------ RECORDS SHOWN ------

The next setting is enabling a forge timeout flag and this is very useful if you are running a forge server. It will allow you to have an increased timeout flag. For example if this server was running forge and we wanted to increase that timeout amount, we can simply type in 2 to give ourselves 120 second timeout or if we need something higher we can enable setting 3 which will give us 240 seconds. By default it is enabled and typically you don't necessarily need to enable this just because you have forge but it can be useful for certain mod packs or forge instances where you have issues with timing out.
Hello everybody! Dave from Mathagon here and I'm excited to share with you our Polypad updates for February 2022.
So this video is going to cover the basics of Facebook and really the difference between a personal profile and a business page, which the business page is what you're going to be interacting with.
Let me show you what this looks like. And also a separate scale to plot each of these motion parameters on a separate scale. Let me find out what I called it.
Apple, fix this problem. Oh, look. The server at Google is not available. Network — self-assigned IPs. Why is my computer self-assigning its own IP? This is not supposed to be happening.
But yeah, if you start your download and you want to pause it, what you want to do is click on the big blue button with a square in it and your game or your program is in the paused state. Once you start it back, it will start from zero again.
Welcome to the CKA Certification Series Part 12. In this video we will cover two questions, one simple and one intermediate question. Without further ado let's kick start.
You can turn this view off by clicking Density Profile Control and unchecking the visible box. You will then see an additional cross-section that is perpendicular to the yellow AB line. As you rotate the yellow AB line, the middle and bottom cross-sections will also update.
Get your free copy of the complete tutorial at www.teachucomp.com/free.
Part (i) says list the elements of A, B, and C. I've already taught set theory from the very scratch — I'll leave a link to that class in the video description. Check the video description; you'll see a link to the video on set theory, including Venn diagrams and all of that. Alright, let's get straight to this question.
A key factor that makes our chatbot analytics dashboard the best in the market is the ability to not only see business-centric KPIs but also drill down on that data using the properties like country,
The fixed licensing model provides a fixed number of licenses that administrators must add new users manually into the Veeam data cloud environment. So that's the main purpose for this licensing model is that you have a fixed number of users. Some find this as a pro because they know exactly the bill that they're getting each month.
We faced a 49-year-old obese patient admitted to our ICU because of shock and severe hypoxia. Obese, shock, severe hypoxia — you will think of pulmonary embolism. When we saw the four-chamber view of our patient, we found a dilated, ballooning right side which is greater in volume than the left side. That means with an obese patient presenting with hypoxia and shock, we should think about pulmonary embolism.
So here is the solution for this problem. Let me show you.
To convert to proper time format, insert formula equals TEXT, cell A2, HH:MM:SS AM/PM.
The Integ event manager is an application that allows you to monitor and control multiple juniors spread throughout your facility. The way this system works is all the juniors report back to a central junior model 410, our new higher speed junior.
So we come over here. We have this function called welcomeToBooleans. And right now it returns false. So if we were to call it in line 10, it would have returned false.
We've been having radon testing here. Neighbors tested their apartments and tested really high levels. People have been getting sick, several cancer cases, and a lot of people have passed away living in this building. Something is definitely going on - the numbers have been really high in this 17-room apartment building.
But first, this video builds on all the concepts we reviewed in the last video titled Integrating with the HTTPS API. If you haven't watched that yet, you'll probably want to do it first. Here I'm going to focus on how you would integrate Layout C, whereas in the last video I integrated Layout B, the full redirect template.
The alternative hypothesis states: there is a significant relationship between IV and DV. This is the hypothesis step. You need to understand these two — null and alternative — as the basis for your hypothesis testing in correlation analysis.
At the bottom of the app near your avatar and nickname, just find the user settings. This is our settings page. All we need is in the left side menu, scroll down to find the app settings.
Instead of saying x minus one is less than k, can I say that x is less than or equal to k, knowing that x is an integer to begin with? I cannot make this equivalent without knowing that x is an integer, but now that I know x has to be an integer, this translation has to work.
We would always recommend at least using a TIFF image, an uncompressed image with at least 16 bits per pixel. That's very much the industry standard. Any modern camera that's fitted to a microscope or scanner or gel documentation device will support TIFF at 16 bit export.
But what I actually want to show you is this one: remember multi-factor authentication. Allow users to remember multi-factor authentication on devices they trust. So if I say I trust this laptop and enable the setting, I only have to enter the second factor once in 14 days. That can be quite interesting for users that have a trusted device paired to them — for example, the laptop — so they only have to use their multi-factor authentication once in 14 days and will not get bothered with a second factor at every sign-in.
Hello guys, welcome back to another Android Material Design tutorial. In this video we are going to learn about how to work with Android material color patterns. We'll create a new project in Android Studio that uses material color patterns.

------

#### [EXERCISE AIM]
Transcribe the records above from the line holding "To convert to" down to the line holding "Instead of saying", inclusive, without adding anything.

#### [EXPECTED ANSWER]
To convert to proper time format, insert formula equals TEXT, cell A2, HH:MM:SS AM/PM.
The Integ event manager is an application that allows you to monitor and control multiple juniors spread throughout your facility. The way this system works is all the juniors report back to a central junior model 410, our new higher speed junior.
So we come over here. We have this function called welcomeToBooleans. And right now it returns false. So if we were to call it in line 10, it would have returned false.
We've been having radon testing here. Neighbors tested their apartments and tested really high levels. People have been getting sick, several cancer cases, and a lot of people have passed away living in this building. Something is definitely going on - the numbers have been really high in this 17-room apartment building.
But first, this video builds on all the concepts we reviewed in the last video titled Integrating with the HTTPS API. If you haven't watched that yet, you'll probably want to do it first. Here I'm going to focus on how you would integrate Layout C, whereas in the last video I integrated Layout B, the full redirect template.
The alternative hypothesis states: there is a significant relationship between IV and DV. This is the hypothesis step. You need to understand these two — null and alternative — as the basis for your hypothesis testing in correlation analysis.
At the bottom of the app near your avatar and nickname, just find the user settings. This is our settings page. All we need is in the left side menu, scroll down to find the app settings.
Instead of saying x minus one is less than k, can I say that x is less than or equal to k, knowing that x is an integer to begin with? I cannot make this equivalent without knowing that x is an integer, but now that I know x has to be an integer, this translation has to work.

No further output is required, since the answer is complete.